Without Jerry Zucker's encouragement, Rubin might not have been directing at all, and yet, their relationship at the start was bumpy.

"I was very unhappy when I heard Jerry Zucker (of the Airplane! troika) had been hired to direct Ghost. I wanted Spielberg, or Peter Weir or Milos Forman. I saw the movie in grandiose terms. When I heard Jerry was attached, I thought it was a total betrayal. I thought the studio didn't get it.

"I went in to meet with Jerry and we started talking about the script. Keep in mind that everyone who read Ghost loved it. And Jerry said he liked a lot of it, but. . . and then he launched into his long list of proposed changes. It was agonizing. I was in tears for a month thinking, how am I going to deal with this guy? Jerry wasn't easy about the rewriting. He never said, 'I love this.' He just said, 'Get rid of this, cut that...'" As the writer who'd sold his script, Rubin had no leverage. "The only choice I had was to be on-board with Jerry or get kicked off the picture. So I decided we should have dinner and during that dinner there would be one ground rule. That is, we could talk about anything except Ghost."
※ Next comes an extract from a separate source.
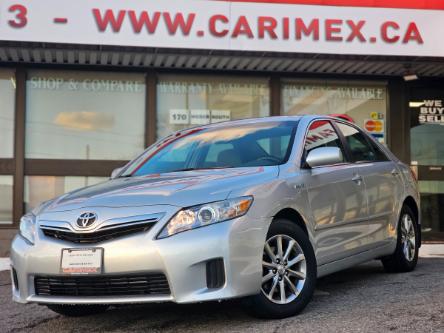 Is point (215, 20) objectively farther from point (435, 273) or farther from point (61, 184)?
point (435, 273)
My Dinner With Jerry was a tremendous success. "One of the great dinners of my life," says Rubin. "We hit it off. Something very sympathetic happened, and I realized that with this dialogue we could approach the script. With Jerry's continued input, I wrote 19 new drafts, subjecting each one to the shit detector. My willingness to make changes, to surrender to the process, was what kept me on the project. Some writers, by draft 11, have had enough and they jump ship."

"What did Jerry bring to the process?"

"Jerry dragged me into the mainstream." He made Rubin realize he was no longer working at the Whitney Museum. The jeopardy was emphasized, the Whoopi Goldberg character was given more screen time, and the finished film, according to Rubin, "lost its subtle tones. It became more black and white. It's not necessarily great art, but it's terrific entertainment. And to make a joyful noise in the world is a good thing."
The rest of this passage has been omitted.